In a time when there is a huge variety of styles and tendencies, contemplating the paintings of Francisco Núñez is an immense act of interpretive ingenuity. The seeming semantic uniformity of his work is translated into a spiritual ambiguity that becomes believable only by immersing oneself in it.
Dark faces, reproduced in an academic fashion, are accentuated as a thematic-spatial core and flood the work with a silent and formidable expressiveness.
The choice of painting portraits of children and adolescents brings the artist to a seldom trod path because of the distance to any playful appropriation that such motifs generally impose. They become the wounds of their daily existence that distort the friendly freshness of their faces to a dramatic crescendo—formed by a regretful gesture using raised brushstrokes or by mutilating the faces. Their gazes plunge toward us, crisscrossing the burning of their pupils, to find only emptiness. It is the fundamental supposition of the work of Francisco Núñez to search tirelessly for a foothold, a point of light that offers safe harbor and awakens and nurtures the individual. There is a meaning in the avid search for the animated expression of these faces—perhaps in the painter’s own life.
Using his expressionist-figurative technique, Núñez mirrors the inner world of his personalities in the portraits—generally people of color.
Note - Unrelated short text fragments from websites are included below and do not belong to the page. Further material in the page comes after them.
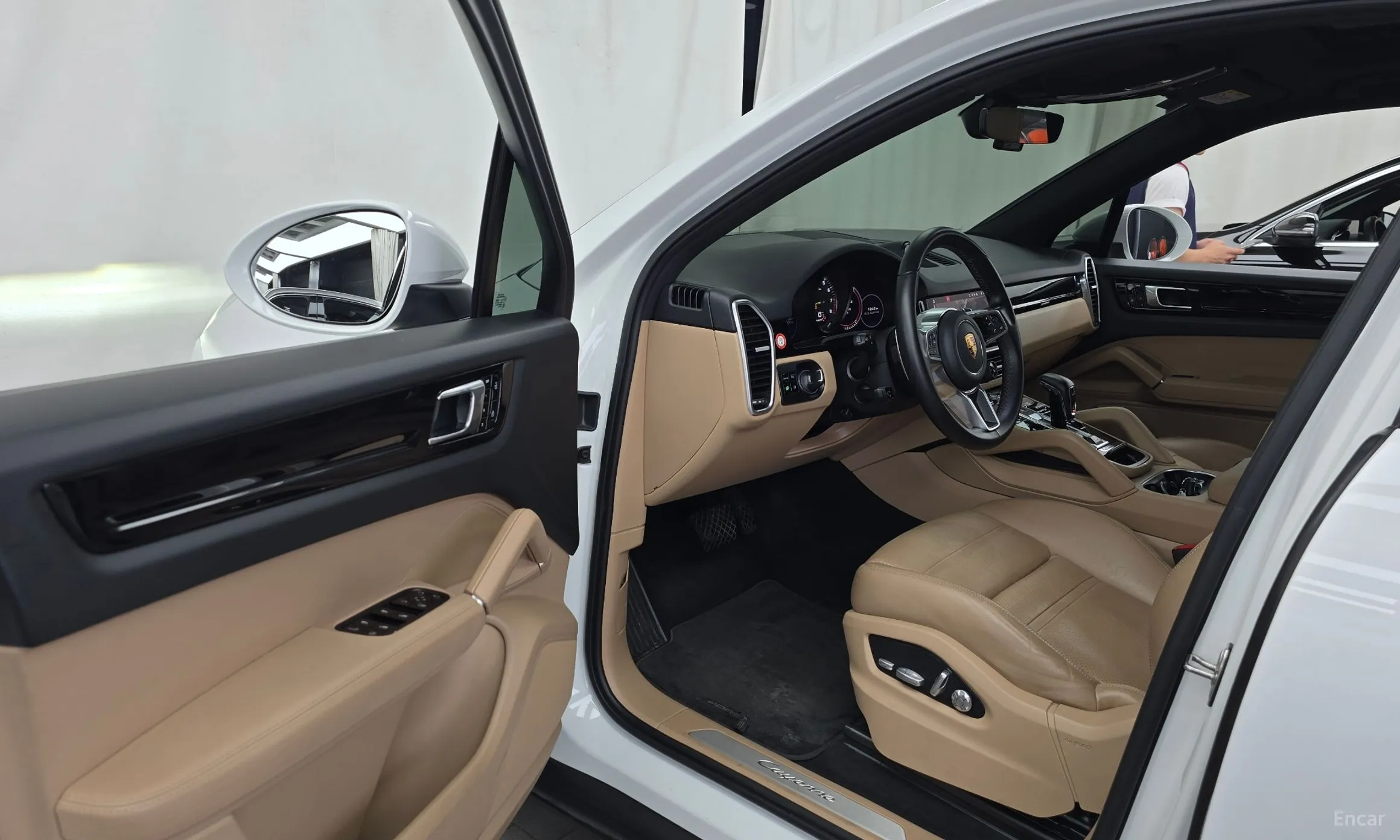 Porsche Cayenne (PO536) превью 10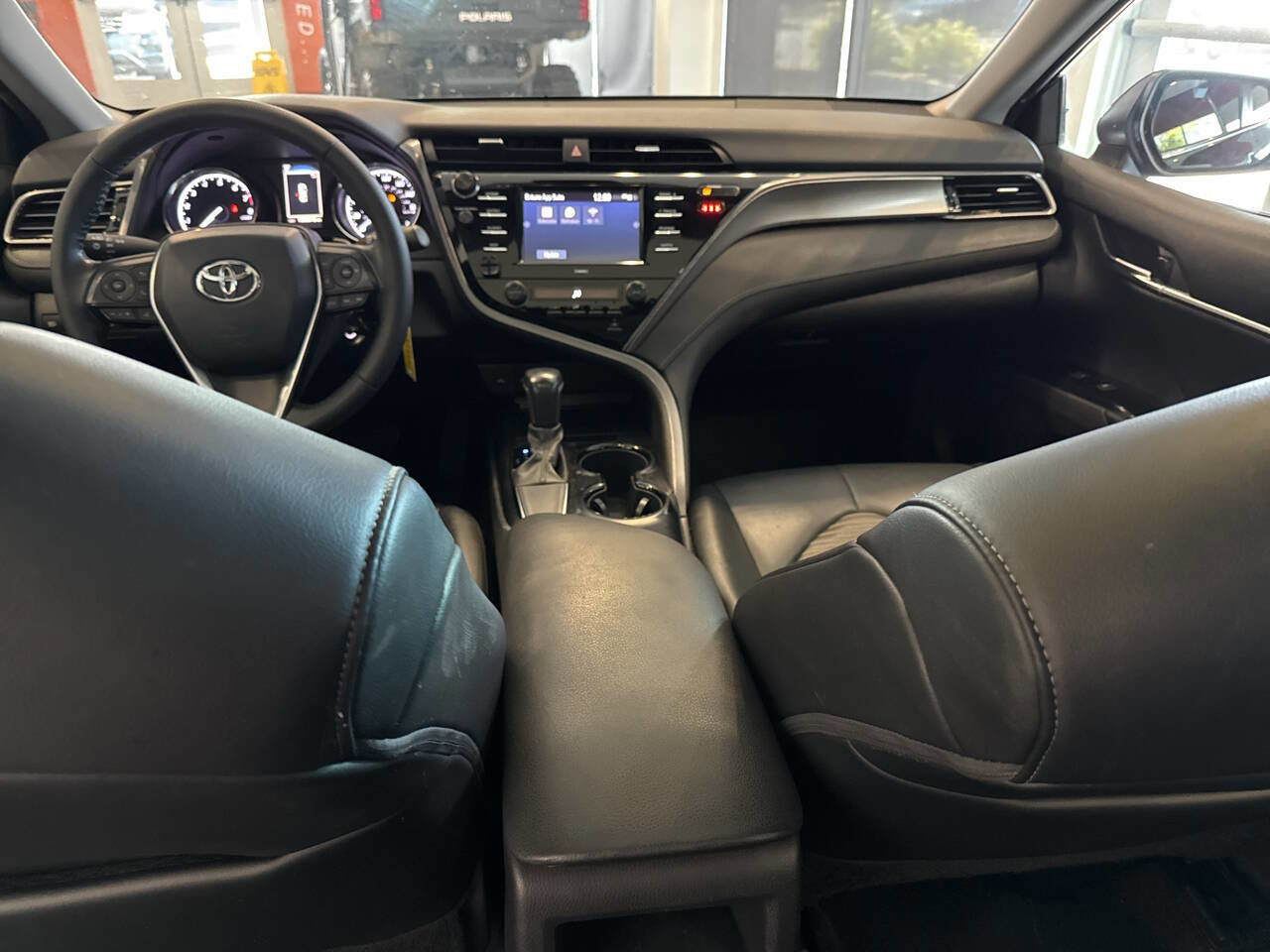 Used 2020 Toyota Camry SE w/ Phone Cable & Charge Package image 28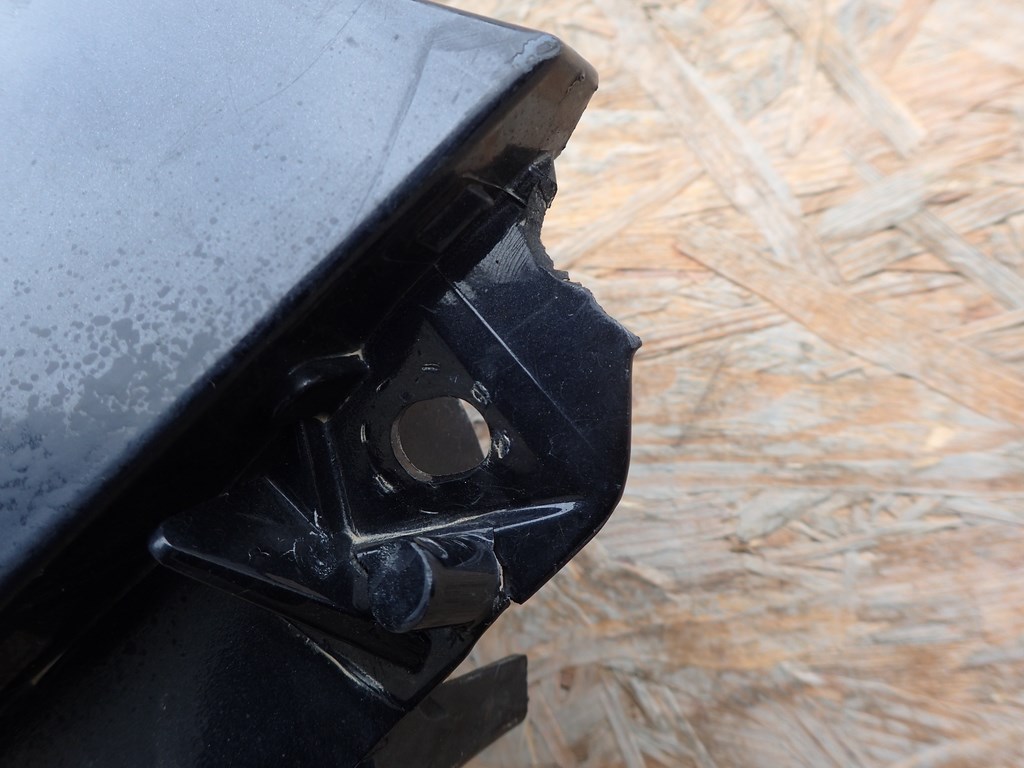 фото №3, Крила правий перед передній renault clio 3 iii 185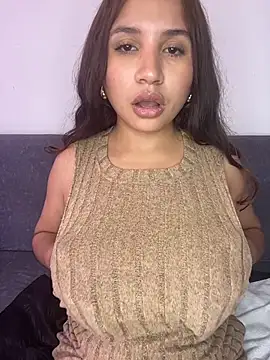 MiahJones_ live cam on StripChat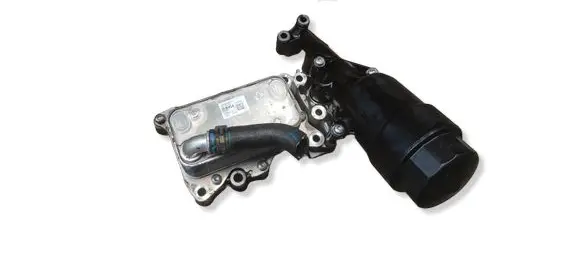 Mercedes-Benz E W212 Oil filter mounting bracket 70586826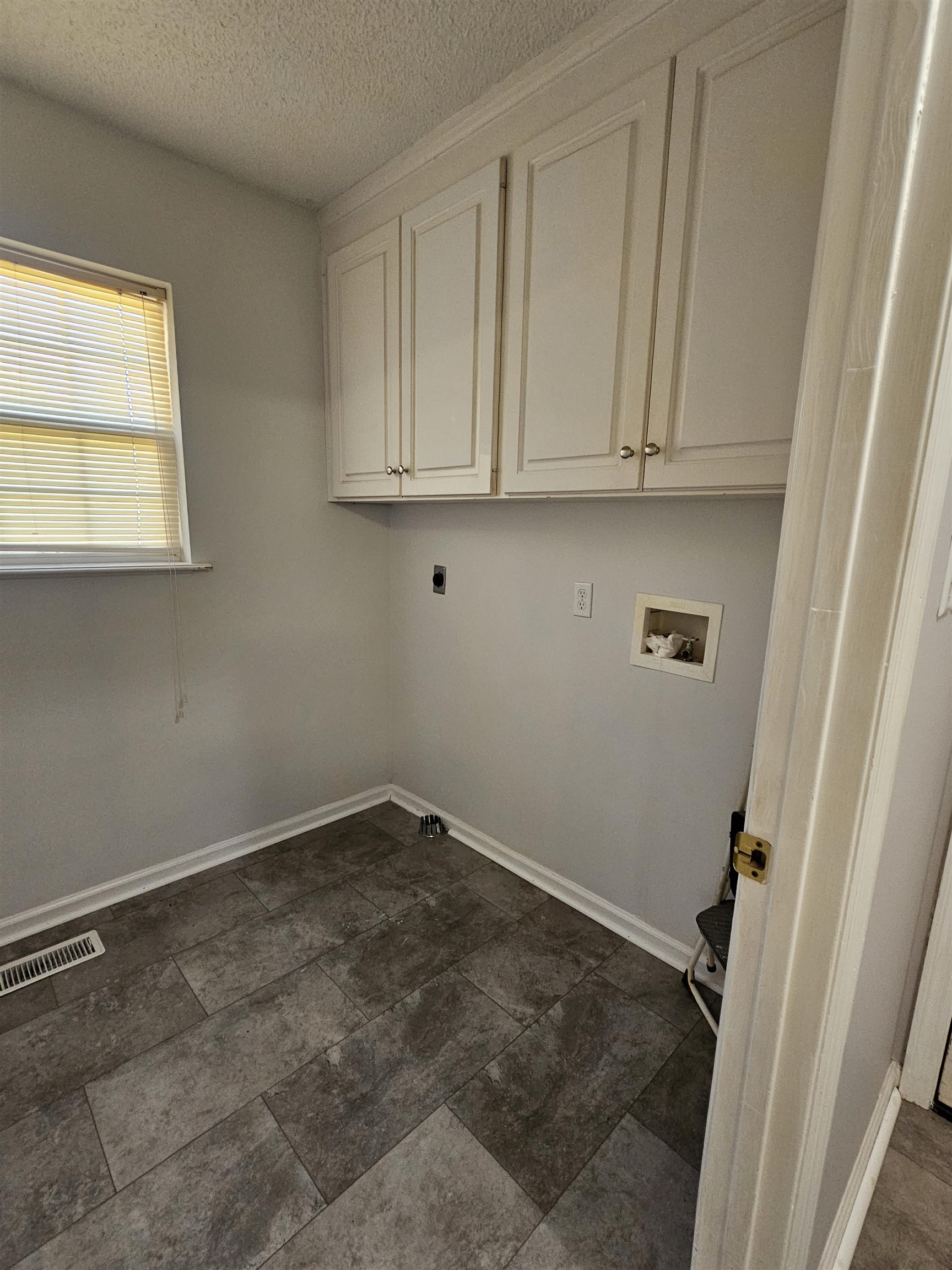 170 Sandy Drive Boiling Springs, SC 29316 - Photo 9 of 15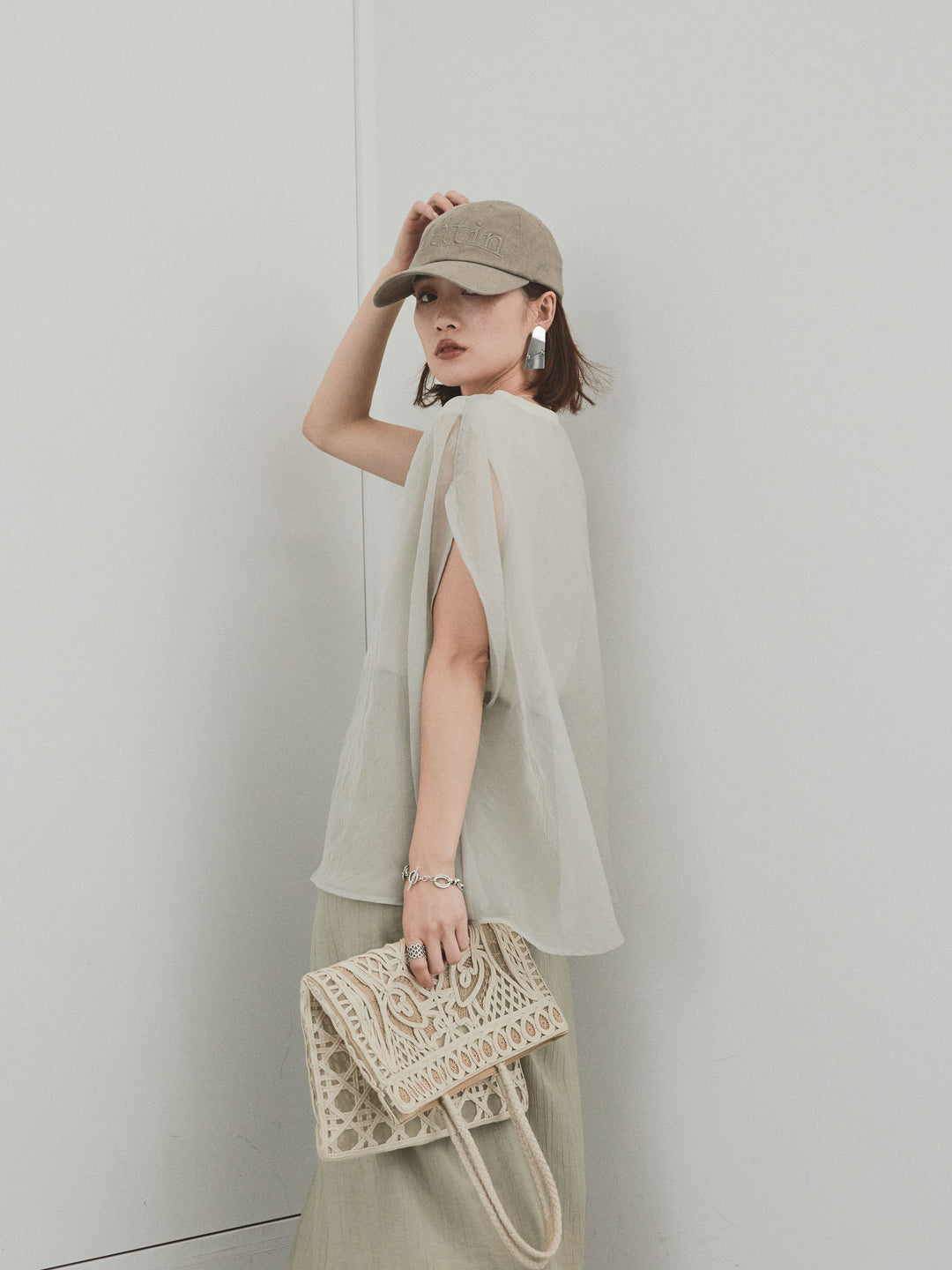 [予約]コンパクトスムースシアーレイヤードトップス/グレージュ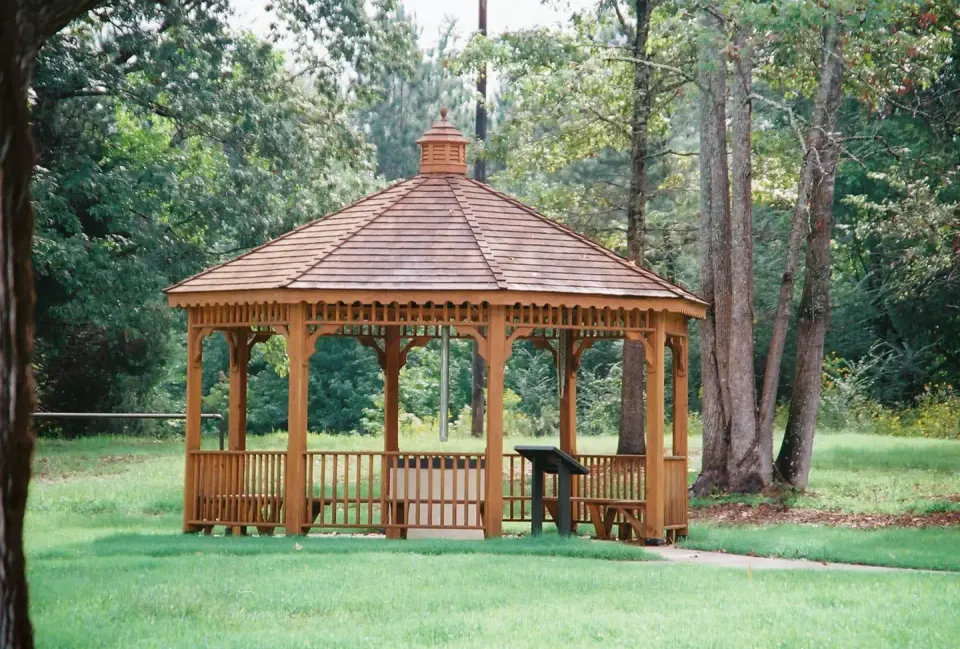 Historical water well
He enriches them with his striking and generous use of color that gives his portraits a very special atmosphere. He does not dissimulate their phenotypical features in a senseless process of making them white, but he also does not reproduce them in a folkloristic way; he does not avail himself of the usual clichés that, for example, are often found in the representation of black people, where aspects in connection with the Afro-Cuban religion are sometimes superficially mentioned and almost always associated with their visual image. This becomes a picturesque and pleasing detail, not a topic in and of itself, but the way in which he completes his representation.
Francisco Núñez uses the portrait, used in the past by the elite as a status symbol, to show the subjects demeanor differentiated from other personalities and to declare it as valid. He succeeds by emphasizing the eyes of the subjects of his portraits that create a direct dialogue between the work and the viewer, thus producing a gaze in each work that is unique and typical for this particular subject.
With this combination of representational realism and abstract expressionism, Núñez is able to create an unique coalescence of the two. With his works that are sensitive but that also cry out its desperate accusations, he has fascinated many art lovers.